(What you have to do): From the line with "Pet Factory rouleaux-boeuf-8-9" through the line with "2560x1600 Water drops", inclusive, return each line of the data below exactly and leave the rest out.
Given records START
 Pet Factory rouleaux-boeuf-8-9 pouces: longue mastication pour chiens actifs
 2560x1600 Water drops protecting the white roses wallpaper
Given records END
Given records START
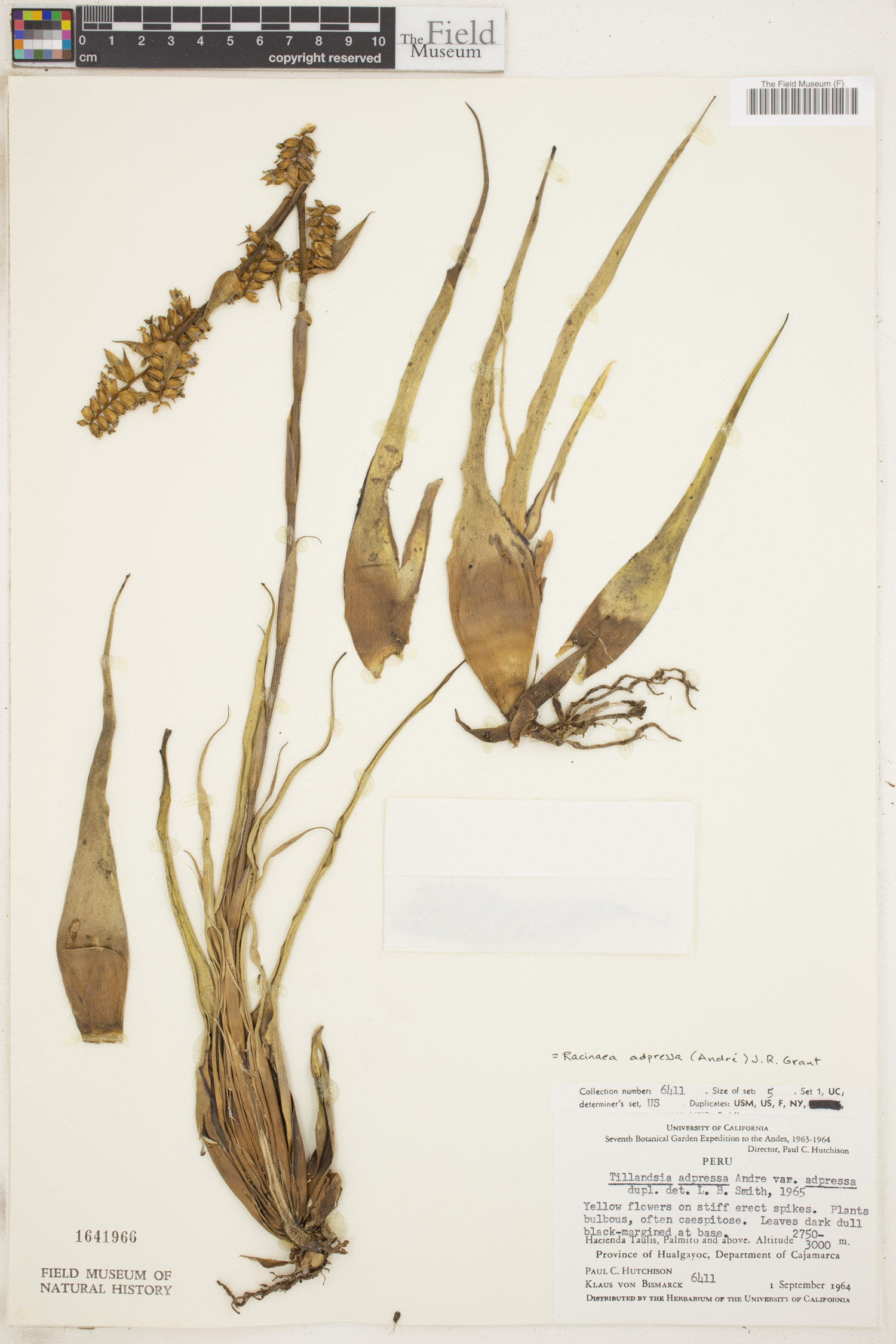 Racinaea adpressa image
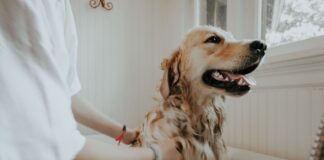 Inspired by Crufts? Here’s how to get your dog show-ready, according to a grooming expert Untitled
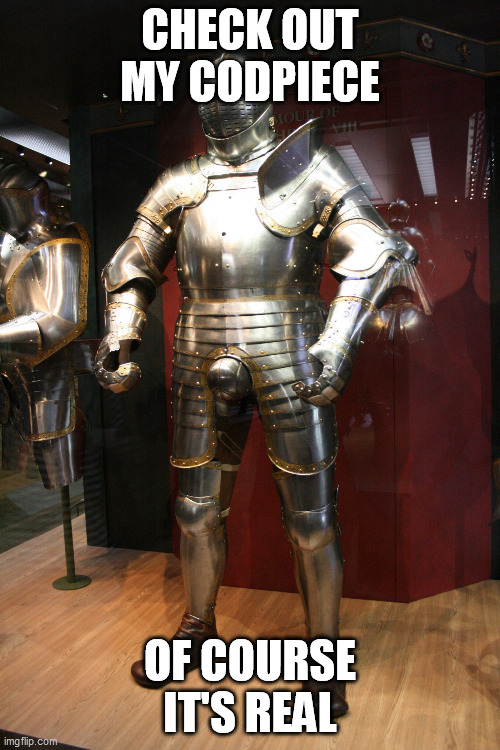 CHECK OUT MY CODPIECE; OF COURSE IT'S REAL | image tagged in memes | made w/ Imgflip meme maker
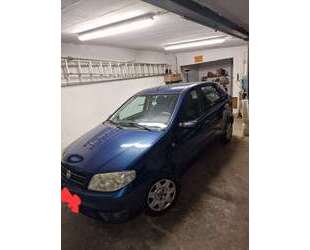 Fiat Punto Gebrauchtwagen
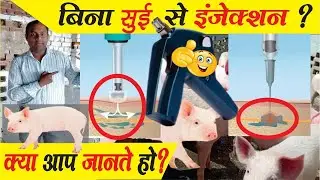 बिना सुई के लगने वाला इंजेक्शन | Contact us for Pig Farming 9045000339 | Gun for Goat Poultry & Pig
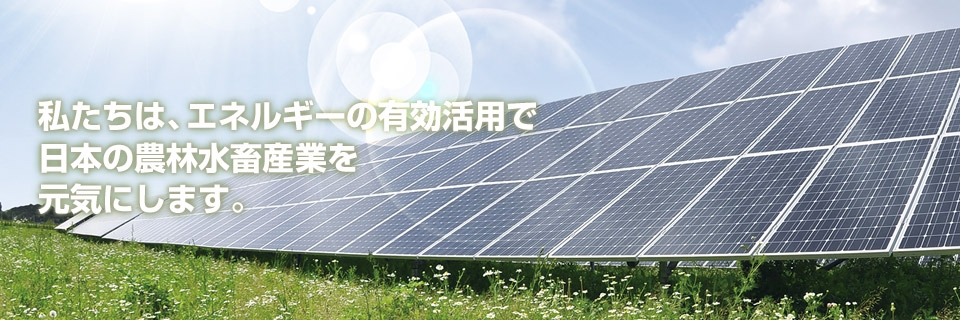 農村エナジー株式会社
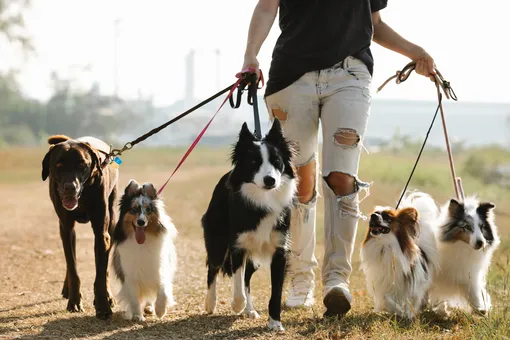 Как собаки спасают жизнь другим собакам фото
Given records END
(Answer to this problem):
 Pet Factory rouleaux-boeuf-8-9 pouces: longue mastication pour chiens actifs
 2560x1600 Water drops protecting the white roses wallpaper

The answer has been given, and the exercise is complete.